■ **AIM OF THE TASK**: Keep every line in which "Tour" occurs and drop the rest of the data.

════

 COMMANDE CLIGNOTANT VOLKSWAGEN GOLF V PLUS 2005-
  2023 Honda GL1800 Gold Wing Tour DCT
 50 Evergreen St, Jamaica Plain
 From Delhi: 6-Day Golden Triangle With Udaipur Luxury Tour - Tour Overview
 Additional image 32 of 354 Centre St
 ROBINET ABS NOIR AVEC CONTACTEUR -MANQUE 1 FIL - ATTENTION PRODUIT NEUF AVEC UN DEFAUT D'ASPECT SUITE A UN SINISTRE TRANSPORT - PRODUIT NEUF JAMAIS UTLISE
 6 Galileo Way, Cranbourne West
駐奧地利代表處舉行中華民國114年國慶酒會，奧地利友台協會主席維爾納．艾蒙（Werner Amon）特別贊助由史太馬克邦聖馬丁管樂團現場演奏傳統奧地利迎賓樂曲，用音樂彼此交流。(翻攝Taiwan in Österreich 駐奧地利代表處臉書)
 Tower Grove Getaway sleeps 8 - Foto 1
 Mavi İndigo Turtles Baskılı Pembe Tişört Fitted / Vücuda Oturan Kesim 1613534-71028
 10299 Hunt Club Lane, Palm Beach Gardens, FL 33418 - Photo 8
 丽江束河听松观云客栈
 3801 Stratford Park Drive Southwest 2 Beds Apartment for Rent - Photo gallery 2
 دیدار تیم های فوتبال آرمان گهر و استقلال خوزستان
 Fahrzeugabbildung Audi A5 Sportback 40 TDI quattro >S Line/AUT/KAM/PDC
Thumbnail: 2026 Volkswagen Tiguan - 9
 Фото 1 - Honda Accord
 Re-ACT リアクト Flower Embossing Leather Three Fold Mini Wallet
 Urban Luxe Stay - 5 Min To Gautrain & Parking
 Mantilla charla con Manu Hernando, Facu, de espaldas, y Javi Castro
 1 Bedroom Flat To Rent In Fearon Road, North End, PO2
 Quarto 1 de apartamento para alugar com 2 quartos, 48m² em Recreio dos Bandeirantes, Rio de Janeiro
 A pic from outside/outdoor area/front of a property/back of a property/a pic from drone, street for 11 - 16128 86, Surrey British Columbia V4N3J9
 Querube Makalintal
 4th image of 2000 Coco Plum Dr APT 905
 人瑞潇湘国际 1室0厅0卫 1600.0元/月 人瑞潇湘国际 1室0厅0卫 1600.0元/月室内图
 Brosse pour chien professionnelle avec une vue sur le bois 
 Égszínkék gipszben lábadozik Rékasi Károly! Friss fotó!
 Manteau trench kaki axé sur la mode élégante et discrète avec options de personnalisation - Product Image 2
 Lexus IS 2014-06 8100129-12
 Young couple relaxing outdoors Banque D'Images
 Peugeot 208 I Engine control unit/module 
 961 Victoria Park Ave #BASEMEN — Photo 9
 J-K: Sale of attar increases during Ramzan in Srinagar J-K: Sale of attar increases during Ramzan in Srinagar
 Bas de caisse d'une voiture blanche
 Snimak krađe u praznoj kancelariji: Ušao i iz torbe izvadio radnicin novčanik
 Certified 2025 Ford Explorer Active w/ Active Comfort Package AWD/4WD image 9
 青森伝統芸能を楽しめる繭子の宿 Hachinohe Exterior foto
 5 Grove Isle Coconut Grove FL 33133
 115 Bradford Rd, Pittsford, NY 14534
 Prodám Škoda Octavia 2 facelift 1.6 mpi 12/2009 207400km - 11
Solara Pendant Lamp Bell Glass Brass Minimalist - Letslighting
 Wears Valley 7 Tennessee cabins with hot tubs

════

■ **RESPONSE**:
  2023 Honda GL1800 Gold Wing Tour DCT
 From Delhi: 6-Day Golden Triangle With Udaipur Luxury Tour - Tour Overview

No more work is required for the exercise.